Les hivers sont difficiles pour le pauvre monde en ville
À la une de La Presse, édition du 15 février 1901.
On dirait qu’en voyant l’hiver s’acheminer à grands pas vers sa fin, quelque mauvais génie semble s’acharner de plus en plus à torturer les nécessiteux, et à les conduire jusqu’aux dernières limites de la plus sombre misère.
Le baromètre infaillible qui seul peut nous permettre de constater avec certitude le degré plus ou moins élevé de pauvreté, chez une certaine classe de notre population, c’est le Refuge de nuit.
De jour en jour, le nombre des malheureux qui viennent chercher un asile dans cette institution va en augmentant.
Avant-hier soir, près de cent cinquante individus y sont venus passer la nuit. Il y en avait de couchés sur des tables, et jusque sur le plancher.

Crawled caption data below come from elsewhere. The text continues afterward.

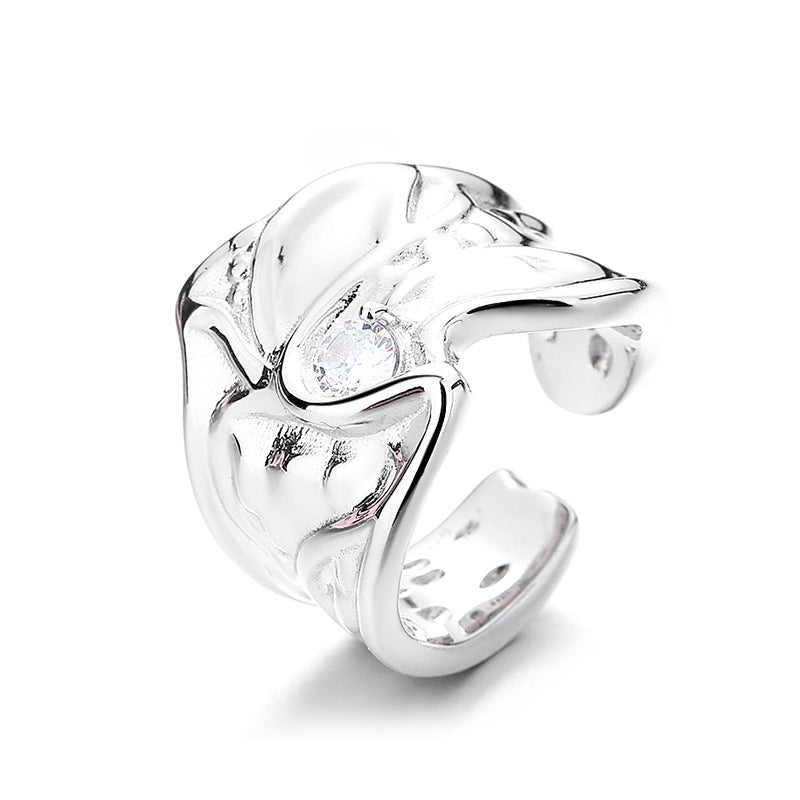 Anillo Ancho de Plata Esterlina con Textura Plisada y Geometría Irregular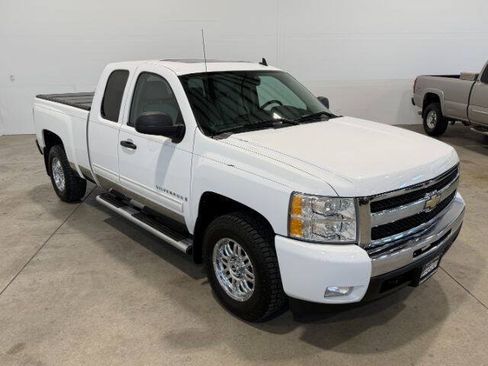 Used 2009 Chevrolet Silverado 1500 LT w/ Power Pack Plus AWD/4WD image 6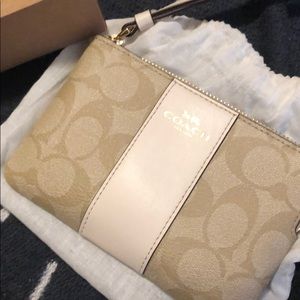 Coach Wristlet / Zipper Bag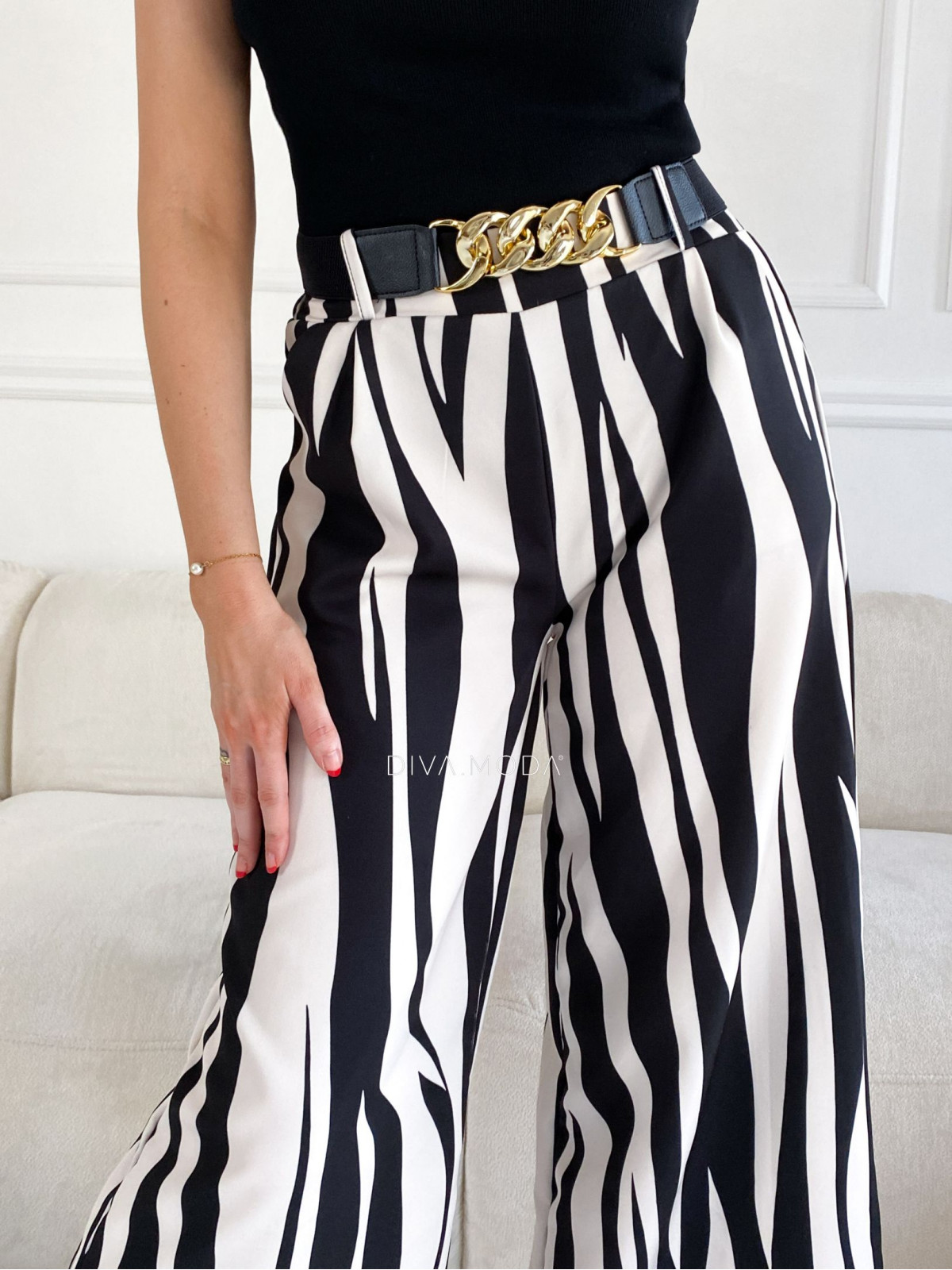 Široké kalhoty zebras černé M 125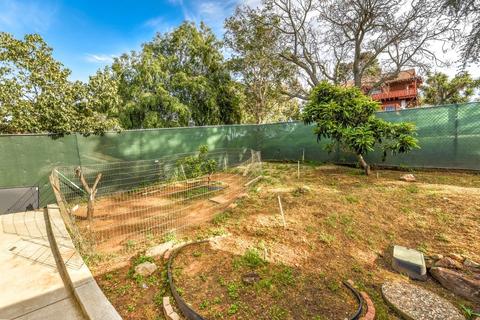 1015 Turtle Dove Ln, Escondido, CA 92026 photo 7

Peu avant 9 heures, M. Ls Berthiaume vit entrer un pauvre diable qui n’avait pas même de chaussure en mauvais état le protégeant contre le froid. La rigueur de la température venait de le chasser de ses appartements, situés sur la rue Saint-Paul.

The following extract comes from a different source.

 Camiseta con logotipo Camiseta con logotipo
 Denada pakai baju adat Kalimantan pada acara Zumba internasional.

Un autre malheureux père de famille arrivait à pied de St-Césaire, distance de trente-cinq milles [quelque 56 kilomètres] de Montréal. Il avait les oreilles et les joues gelées.
C’est un monsieur du nom de Georges Thibault, qui s’en vient chercher de l’ouvrage à la ville, afin de pouvoir donner du pain à sa famille.
Chaque soir, un grand nombre de femmes, parmi lesquelles des vieilles de plus de 70 ans, viennent supplier les autorités du Refuge d’avoir pitié d’elles et de leur donner un abri.
On est forcé de les renvoyer parce que le charbon fait défaut pour réchauffer leur département.
Bien souvent nous avons vu de ces malheureuses s’en retournant en pleurant. Forcées d’errer longtemps encore à travers nos rues, avant de trouver un asile.
La tâche des directeurs du Refuge devient de plus en plus ardue.
L’an dernier, la ville les pourvoyait de charbon, c’était autant de pris ; mais, cette année, les échevins, jugeant sans doute qu’il est indigne de leur titre de Réformateurs de soulager la misère, ont retranché du budget les argents affectés à cette œuvre de charité.
Si madame Bennati n’avait eu la généreuse idée de préparer pour le 26 de ce mois un concert au bénéfice des nécessiteux du Refuge de nuit, M. Rodias Ouimet aurait été contraint, ces jours-ci, de discontinuer son œuvre humanitaire, en renvoyant sur la rue les cent cinquante malheureux qu’il héberge presque chaque soir.